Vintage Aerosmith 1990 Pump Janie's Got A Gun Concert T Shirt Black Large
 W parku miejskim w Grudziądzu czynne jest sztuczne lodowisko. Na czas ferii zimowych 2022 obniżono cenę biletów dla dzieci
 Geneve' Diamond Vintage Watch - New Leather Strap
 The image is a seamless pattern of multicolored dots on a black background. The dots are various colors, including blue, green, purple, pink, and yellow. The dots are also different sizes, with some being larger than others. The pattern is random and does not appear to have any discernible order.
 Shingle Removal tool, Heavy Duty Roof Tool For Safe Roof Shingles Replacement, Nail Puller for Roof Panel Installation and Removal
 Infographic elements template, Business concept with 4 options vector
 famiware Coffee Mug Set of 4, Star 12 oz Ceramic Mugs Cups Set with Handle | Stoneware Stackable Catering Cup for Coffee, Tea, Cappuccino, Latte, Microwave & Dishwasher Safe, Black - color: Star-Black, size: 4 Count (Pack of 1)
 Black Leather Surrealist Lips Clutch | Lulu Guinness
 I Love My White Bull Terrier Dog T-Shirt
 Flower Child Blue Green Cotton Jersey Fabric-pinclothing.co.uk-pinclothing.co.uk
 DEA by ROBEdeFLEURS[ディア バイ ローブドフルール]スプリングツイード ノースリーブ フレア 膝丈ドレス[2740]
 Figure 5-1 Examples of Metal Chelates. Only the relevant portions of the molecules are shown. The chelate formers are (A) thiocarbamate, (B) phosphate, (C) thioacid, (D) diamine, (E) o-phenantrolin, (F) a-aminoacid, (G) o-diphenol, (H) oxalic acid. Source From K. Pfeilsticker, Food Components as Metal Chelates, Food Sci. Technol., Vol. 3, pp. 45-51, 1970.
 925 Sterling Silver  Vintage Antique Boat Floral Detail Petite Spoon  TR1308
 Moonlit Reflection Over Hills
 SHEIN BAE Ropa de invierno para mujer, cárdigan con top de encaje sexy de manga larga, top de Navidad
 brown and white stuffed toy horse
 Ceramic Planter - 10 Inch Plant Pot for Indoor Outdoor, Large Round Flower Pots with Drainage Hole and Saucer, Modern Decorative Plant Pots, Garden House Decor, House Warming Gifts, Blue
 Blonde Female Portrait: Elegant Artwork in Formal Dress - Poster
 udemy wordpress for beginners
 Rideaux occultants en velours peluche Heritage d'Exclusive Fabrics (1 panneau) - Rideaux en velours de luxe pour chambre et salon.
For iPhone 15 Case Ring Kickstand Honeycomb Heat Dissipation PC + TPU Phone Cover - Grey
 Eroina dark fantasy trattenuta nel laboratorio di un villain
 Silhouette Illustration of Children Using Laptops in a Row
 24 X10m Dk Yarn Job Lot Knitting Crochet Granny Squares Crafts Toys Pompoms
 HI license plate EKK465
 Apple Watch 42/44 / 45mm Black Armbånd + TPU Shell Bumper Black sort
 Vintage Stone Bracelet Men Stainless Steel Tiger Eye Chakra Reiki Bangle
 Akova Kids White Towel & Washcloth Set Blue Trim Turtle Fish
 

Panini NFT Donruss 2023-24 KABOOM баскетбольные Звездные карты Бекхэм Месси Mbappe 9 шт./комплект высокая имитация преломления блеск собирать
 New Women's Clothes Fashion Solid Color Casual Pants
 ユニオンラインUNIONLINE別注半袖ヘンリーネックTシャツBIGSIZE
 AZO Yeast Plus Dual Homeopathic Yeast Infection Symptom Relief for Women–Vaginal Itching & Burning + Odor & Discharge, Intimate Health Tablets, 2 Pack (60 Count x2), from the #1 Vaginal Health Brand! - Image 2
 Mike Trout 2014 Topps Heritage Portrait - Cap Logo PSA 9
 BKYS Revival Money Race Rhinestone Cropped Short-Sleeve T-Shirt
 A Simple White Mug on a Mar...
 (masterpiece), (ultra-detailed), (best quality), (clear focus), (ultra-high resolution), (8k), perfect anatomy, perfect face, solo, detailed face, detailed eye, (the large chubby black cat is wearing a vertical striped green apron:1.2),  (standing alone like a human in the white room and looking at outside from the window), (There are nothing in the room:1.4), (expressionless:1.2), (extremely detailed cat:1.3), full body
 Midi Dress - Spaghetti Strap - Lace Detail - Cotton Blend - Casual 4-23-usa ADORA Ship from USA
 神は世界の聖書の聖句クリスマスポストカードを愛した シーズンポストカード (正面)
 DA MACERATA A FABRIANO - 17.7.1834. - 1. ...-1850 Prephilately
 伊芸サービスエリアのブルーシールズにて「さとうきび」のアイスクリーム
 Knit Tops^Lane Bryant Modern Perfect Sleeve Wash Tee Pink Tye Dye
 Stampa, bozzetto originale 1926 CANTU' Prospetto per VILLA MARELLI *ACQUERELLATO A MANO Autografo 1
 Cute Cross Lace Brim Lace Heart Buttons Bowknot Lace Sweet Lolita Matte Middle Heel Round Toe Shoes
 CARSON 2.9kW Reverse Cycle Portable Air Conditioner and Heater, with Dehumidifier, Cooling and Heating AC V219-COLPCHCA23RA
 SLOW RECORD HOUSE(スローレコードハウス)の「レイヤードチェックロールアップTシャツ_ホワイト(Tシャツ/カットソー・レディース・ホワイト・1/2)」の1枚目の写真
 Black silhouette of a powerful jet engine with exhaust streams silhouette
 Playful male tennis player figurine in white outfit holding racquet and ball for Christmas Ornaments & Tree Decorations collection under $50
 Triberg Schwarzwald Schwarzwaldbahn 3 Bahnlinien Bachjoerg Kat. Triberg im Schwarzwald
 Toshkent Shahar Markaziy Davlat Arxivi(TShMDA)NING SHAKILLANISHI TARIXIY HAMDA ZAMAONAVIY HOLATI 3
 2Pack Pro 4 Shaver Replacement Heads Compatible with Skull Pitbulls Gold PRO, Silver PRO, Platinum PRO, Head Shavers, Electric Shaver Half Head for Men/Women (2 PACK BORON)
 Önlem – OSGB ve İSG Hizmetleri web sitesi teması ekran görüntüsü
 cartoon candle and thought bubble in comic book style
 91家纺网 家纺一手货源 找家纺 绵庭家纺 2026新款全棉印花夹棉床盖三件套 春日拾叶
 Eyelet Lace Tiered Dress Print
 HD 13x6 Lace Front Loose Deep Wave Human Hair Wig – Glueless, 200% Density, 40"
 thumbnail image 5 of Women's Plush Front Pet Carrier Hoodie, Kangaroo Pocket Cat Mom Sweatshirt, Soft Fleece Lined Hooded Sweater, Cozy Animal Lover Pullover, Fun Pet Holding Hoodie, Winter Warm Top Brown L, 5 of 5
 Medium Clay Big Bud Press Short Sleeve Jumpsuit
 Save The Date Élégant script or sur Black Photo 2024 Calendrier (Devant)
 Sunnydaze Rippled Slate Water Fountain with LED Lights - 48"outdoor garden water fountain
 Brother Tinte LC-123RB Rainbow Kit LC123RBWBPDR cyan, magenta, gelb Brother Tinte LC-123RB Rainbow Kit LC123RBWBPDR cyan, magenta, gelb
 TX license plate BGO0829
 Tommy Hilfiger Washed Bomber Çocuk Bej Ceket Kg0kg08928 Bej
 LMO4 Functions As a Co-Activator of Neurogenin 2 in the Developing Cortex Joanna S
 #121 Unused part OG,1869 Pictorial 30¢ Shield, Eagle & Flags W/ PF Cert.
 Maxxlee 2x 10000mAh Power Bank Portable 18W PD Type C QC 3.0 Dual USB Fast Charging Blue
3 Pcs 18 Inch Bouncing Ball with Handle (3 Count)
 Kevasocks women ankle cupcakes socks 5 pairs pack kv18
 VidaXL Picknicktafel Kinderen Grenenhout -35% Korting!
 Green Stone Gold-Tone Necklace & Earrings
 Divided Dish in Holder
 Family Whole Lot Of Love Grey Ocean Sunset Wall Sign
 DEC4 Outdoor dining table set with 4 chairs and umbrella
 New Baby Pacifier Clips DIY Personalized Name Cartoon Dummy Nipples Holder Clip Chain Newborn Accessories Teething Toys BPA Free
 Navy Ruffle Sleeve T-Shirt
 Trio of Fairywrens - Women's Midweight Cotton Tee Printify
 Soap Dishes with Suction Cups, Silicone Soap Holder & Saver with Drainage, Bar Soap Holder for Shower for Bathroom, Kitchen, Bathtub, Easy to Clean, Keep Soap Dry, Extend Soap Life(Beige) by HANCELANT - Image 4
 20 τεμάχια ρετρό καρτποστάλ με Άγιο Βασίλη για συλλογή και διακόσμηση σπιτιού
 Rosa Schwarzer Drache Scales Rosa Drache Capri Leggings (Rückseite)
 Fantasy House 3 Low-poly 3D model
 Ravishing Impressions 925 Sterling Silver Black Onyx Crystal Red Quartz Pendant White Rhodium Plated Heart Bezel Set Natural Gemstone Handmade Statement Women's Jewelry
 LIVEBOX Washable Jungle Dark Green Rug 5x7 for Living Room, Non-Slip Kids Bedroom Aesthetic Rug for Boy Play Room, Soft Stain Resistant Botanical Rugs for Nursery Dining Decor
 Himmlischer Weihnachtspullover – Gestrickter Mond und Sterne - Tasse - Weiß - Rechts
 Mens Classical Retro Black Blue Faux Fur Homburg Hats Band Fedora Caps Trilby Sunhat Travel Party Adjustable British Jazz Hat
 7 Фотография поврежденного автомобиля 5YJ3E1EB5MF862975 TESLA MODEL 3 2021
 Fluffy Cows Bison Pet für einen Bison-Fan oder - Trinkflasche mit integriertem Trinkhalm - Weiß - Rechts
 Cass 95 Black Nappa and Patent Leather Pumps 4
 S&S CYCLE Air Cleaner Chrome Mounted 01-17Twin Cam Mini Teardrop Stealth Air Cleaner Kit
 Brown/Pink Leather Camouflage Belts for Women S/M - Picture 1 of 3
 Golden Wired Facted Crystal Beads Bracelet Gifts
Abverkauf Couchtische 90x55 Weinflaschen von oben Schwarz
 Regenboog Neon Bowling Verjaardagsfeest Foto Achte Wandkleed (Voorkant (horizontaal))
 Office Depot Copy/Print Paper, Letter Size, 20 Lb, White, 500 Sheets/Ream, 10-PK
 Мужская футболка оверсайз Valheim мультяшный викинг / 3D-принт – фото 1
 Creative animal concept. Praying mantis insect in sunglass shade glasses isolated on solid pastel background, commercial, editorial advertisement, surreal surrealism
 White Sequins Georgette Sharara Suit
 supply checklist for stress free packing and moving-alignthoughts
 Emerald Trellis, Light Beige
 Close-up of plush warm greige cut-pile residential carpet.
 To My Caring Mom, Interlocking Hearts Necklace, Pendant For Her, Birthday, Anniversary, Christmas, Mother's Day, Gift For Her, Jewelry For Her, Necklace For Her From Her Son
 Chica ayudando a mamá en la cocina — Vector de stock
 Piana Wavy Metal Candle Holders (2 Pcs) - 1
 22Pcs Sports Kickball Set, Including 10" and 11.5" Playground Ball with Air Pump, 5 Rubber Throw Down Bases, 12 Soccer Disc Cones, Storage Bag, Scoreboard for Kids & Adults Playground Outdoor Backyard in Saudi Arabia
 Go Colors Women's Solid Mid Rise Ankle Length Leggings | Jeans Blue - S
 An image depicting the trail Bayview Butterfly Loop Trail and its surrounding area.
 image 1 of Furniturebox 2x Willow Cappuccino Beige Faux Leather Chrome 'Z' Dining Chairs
━━━━━━━━━━
__Your assignment__.
For this exercise, output exactly the lines above from the line with "HI license plate EKK465" to the line with "Akova Kids White", counting both, and leave out the rest.

__Solution for this exercise__.
 HI license plate EKK465
 Apple Watch 42/44 / 45mm Black Armbånd + TPU Shell Bumper Black sort
 Vintage Stone Bracelet Men Stainless Steel Tiger Eye Chakra Reiki Bangle
 Akova Kids White Towel & Washcloth Set Blue Trim Turtle Fish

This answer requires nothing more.